Top teams still considering boycott over radio issue
The UCI announced this week that its licensing commission has awarded the Tour of Beijing a WorldTour license for the next four years, but despite a requirement of the top ProTeams to compete in all WorldTour events, AIGCP president Jonathan Vaughters indicated that the top squads might not be present on the start line come October 5th.
Earlier this year, the teams organisation threatened to boycott the race unless the UCI backed down on its plan to fully ban radio communications between teams and riders during races.
In order to leverage their point, the teams targeted the Tour of Beijing, a race which is fully supported by UCI president Pat McQuaid as a step toward globalizing the sport.
After months of warring with words, the UCI set forth a compromise in June, offering to keep the current regulations, which disallow radios in all but WorldTour races, in effect until the end of 2012, and to create an independent group "to study this regulation and its effects, advantages and disadvantages". In exchange, the AIGCP would renounce the proposed boycott.
Vaughters told Cyclingnews that the deal has yet to go through because the AIGCP would have no say in who would be appointed to the study group.
"The AIGCP has not reached an agreement with the UCI regarding radios or participation in Beijing, and since the race was not in the WorldTour when our agreements to be WorldTour teams were signed, we are not under any obligation to race.
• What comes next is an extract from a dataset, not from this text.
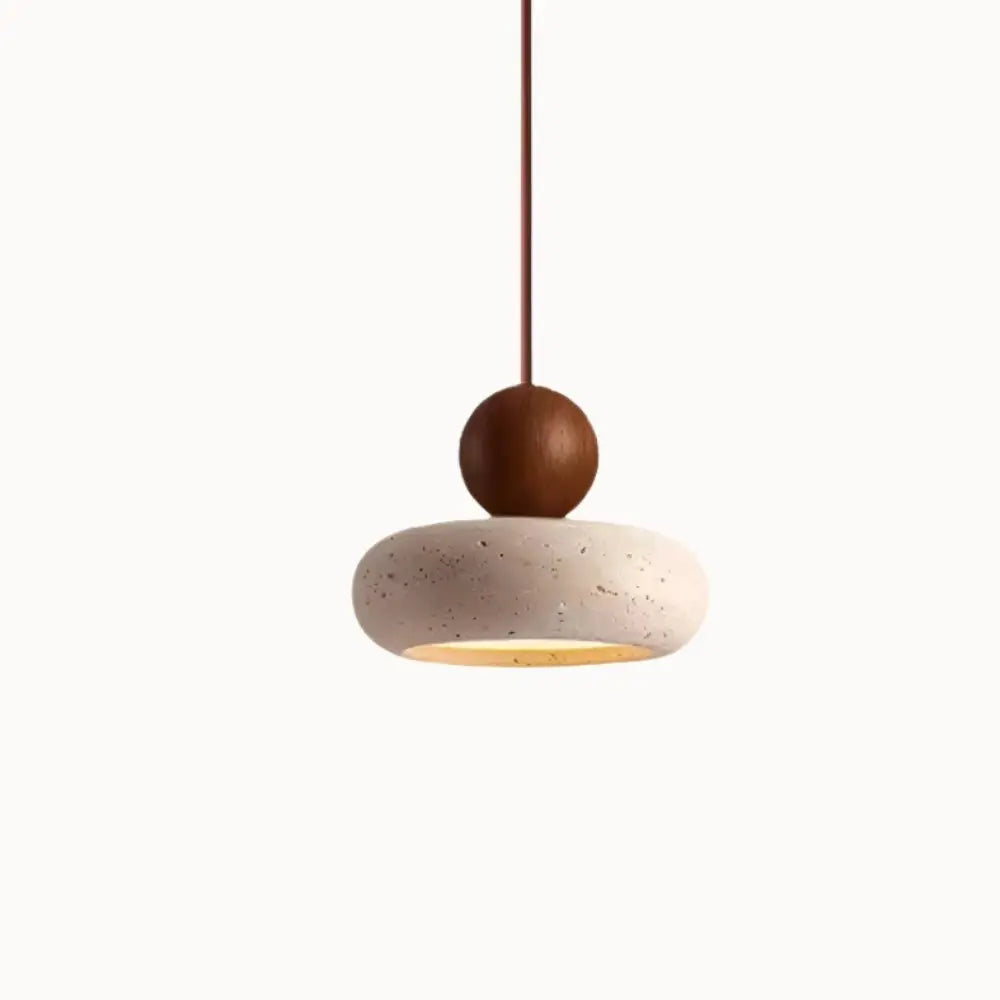 Alva - Minimalist Suspension in Travertine and Wood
"That said, we would like to get an agreement in place regarding both Beijing and the radios. The conversations with the UCI have been very productive and positive. I hope it continues that way."
The UCI confirmed that negotiations were ongoing, but refused further comment because, "despite pressure put on us, we don't believe a public debate via the media would be constructive at this point".
Conflicts of interest?
The Tour of Beijing is a project that is not only close to the heart of McQuaid, it is a race which is owned, albeit somewhat indirectly, by the UCI itself.
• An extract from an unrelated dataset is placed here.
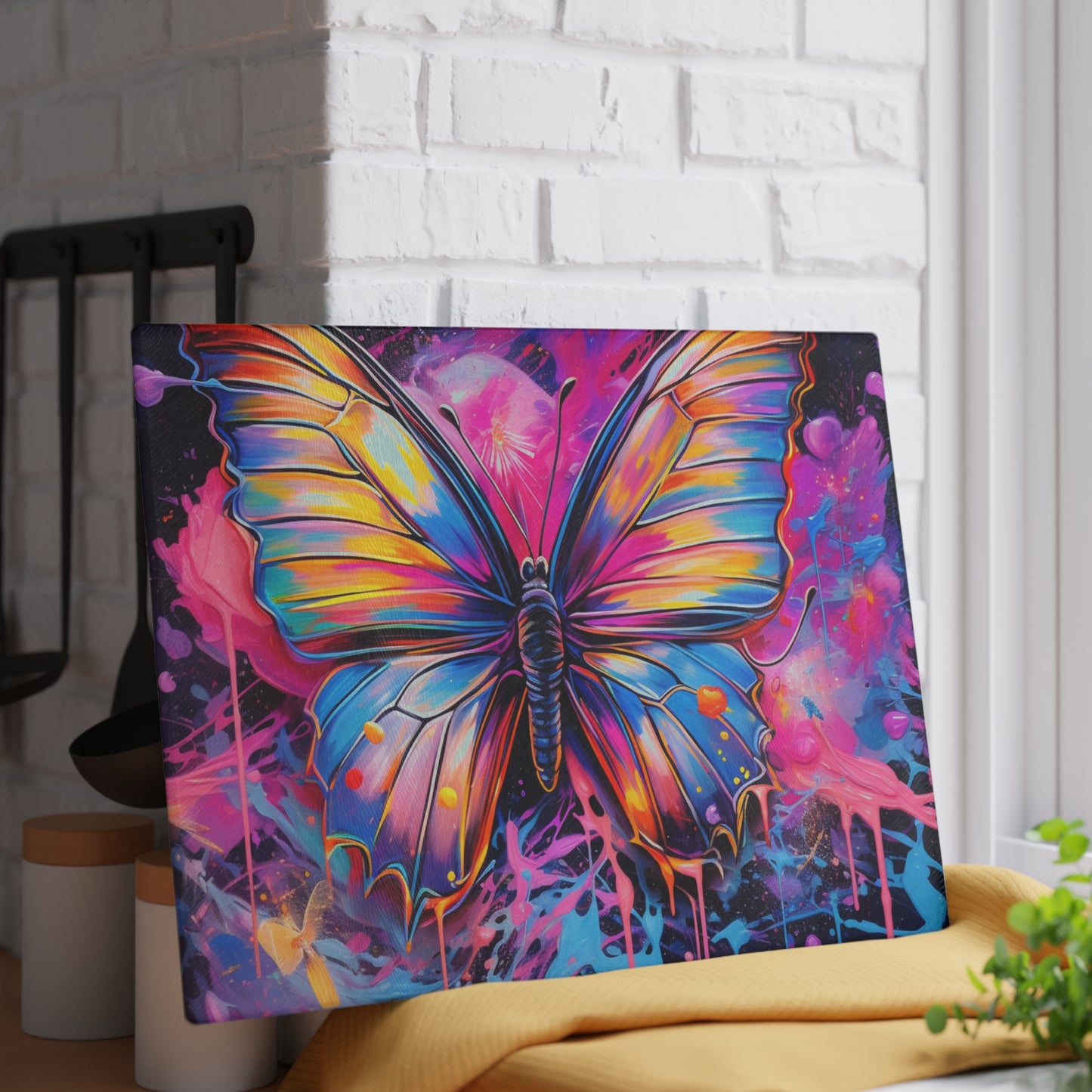 Glass Cutting Board Pink Butterfly Flair 3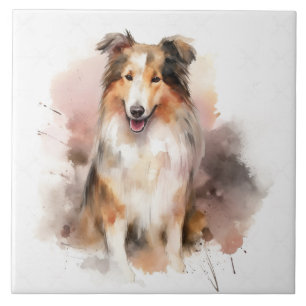 Carreau Aquarelle Collie Lassie Dog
The UCI created Global Cycling Promotions SA, a wholly owned subsidiary of the UCI, in 2009 to further the objective of globalizing the sport.
McQuaid serves as the president of GCP, with former ProTour director Alain Rumpf as its director. From the start, McQuaid promoted the Tour of Beijing, even going so far as suggesting it would enter the WorldTour before the licensing commission even made its decision.
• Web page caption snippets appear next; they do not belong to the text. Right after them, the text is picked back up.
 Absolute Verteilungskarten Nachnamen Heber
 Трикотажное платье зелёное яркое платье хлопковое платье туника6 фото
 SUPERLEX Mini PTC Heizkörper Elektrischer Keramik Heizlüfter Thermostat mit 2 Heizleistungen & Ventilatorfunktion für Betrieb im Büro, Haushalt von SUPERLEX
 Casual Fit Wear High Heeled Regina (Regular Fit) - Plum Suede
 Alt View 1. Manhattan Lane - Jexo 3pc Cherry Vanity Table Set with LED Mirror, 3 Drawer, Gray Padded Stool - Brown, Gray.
The fact that the UCI, which is in charge of licensing and regulating races, is now the owner of a top-level event, raised the eyebrows of pundits across the globe. Vaughters refused to call the association unethical, but said, "to me cycling should be avoiding as many conflicts of interest as possible in this day and age".
The UCI's spokesman Enrico Carpani denied there was any conflict of interest. "The License Commission, which granted the license to the Tour of Beijing, is a body which has consistently proved its independence over the last couple of years and [Vaughters] should know this very well as he has been called in front of this commission on several occasions.
"Therefore the commission’s credibility and the quality of its work is of an unquestionably high standard."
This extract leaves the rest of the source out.